Posted February 14 2013

Angostura BittersAngostura Bitters, one of the supremely key ingredients to a classic cocktail. Angostura has been around a long time, long enough to have a hand in some of the most well known cocktails of the last 100 years. While there are great alternatives to Angostura (namely Fee Brothers product line), there are some that just ask for it by name: "Two dashes of Angostura bitters please."

That is right, Angostura is the "household name" (barhold name?) that answers the call when a cocktail requires bitters. Again, why specifically angostura? Simply because there are hundreds of cocktail enthusiasts that want to taste a little bit of history and live in the exciting life of both pre and post prohibition. When "times were great" and every tavern was mixing up the "Fine Art" as it was--even if you can never actually live in that time (nor would you want to if you had to deal with what our grandparents had to deal with over the years).

The basic principles of the cocktails where: good quality liquor, build the appetite, dry, eye catching and well iced. Sounds simple, right?

The components included a base, modifying agent and a coloring/flavoring agent. The base was your core spirit, let's just call out gin in our example (vodka as we know it didn't arrive until far into the future), then you had your coloring agent from a syrup like grenadine or perhaps a cordial or liqueur. The bitters was your modifying agent!

Angostura Bitters became the modifying agent for many classics. You could have chosen a vermouth or other aromatic wine or perhaps a fruit juice (although only a little usually) or an agent to smooth out the drink like eggwhite and cream. For a good eggwhite example, checkout our Ramos Gin Fizz cocktail on Common Man Cocktails.

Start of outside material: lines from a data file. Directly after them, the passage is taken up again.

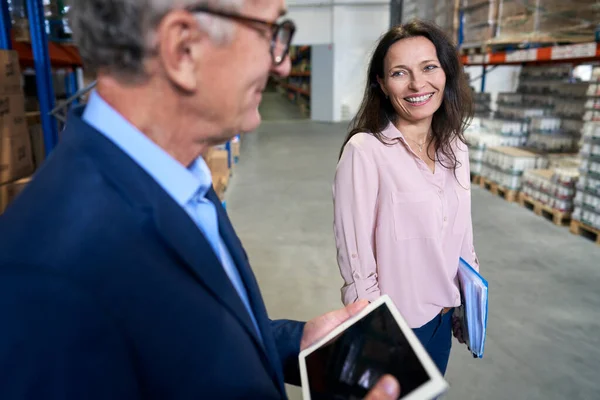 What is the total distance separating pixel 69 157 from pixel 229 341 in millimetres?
383

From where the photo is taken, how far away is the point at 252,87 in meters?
0.79

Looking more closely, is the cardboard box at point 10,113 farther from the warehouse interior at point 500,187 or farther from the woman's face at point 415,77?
the woman's face at point 415,77

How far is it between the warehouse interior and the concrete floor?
1cm

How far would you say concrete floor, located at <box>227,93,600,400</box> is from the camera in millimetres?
2771

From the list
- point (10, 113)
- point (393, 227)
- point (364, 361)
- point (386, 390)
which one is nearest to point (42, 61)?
point (10, 113)

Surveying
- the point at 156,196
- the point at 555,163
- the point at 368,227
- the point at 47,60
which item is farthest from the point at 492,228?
the point at 156,196

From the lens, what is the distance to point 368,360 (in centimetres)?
87

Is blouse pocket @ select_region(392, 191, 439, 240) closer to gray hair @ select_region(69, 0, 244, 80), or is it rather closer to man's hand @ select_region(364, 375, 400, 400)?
man's hand @ select_region(364, 375, 400, 400)

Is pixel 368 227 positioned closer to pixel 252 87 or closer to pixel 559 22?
pixel 252 87

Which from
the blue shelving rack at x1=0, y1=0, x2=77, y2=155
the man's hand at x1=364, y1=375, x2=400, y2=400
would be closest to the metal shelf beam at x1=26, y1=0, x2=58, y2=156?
the blue shelving rack at x1=0, y1=0, x2=77, y2=155

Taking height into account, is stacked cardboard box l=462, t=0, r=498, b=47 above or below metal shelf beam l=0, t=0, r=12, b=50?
above

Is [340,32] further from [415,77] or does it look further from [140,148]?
[140,148]

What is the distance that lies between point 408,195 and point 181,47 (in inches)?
48.0

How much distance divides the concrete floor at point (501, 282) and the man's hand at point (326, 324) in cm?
172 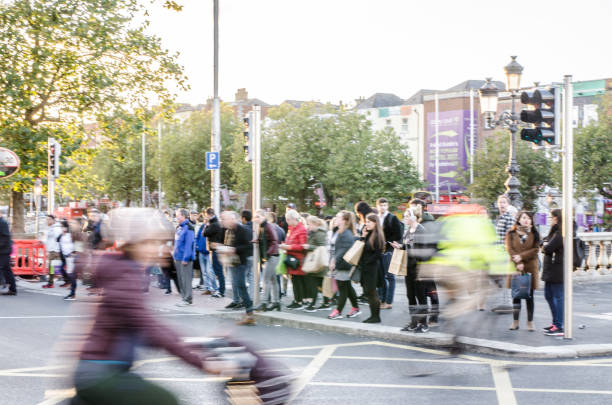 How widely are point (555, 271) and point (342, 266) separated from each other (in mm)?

So, you're in the market for some bitters and you want to know what you can do with them, right? Perfect. First, of course, you buy your angostura bitters from us (shake your head yes....okay, thank you). Now, let's take a couple classics to work with:

 

Old Fashioned

  • 2 oz. Rye Bourbon
  • 1 Sugar Cube
  • Splash of Soda Water
  • Dash ofAngostura Bitters

You can checkout the video of me creating it as well.

 

Whiskey Sour

  • 2 oz. Whiskey
  • 1 oz. Lemon Juice
  • 1 oz. Simple Syrup
  • 2 Dashes of Angostura Bitters

You can checkout that video as well.

 

There are many cocktails that utilize angostura and some just simply call for "bitters" and assume you're using angostura. We've even created the Angie Collins which was a god awful creation using about 1 oz. of angostura bitters as the core ingredient ( I don't suggest it, but you can try if you want ).

No matter how you choose to consume your angostura bitters or shoot for a highly demanded alternative in the Fee Brothers Old Fashioned Aromatic Bitters (slightly cheaper), I can tell you one thing: these are must have ingredients for many classics and many new cocktails being created in our cocktail revival. Not only are those new mixologists remembering and reliving the past history of cocktail creations, they're using it as a base foundation for creating ever expanding cocktial designs with the thousands of new liqueurs, spirits and modifying agents that have come to exists in this new age of cocktail.

Have fun with it, keep some on the shelf and use it from time to time in your own cocktail creations and see how it "mixes things up."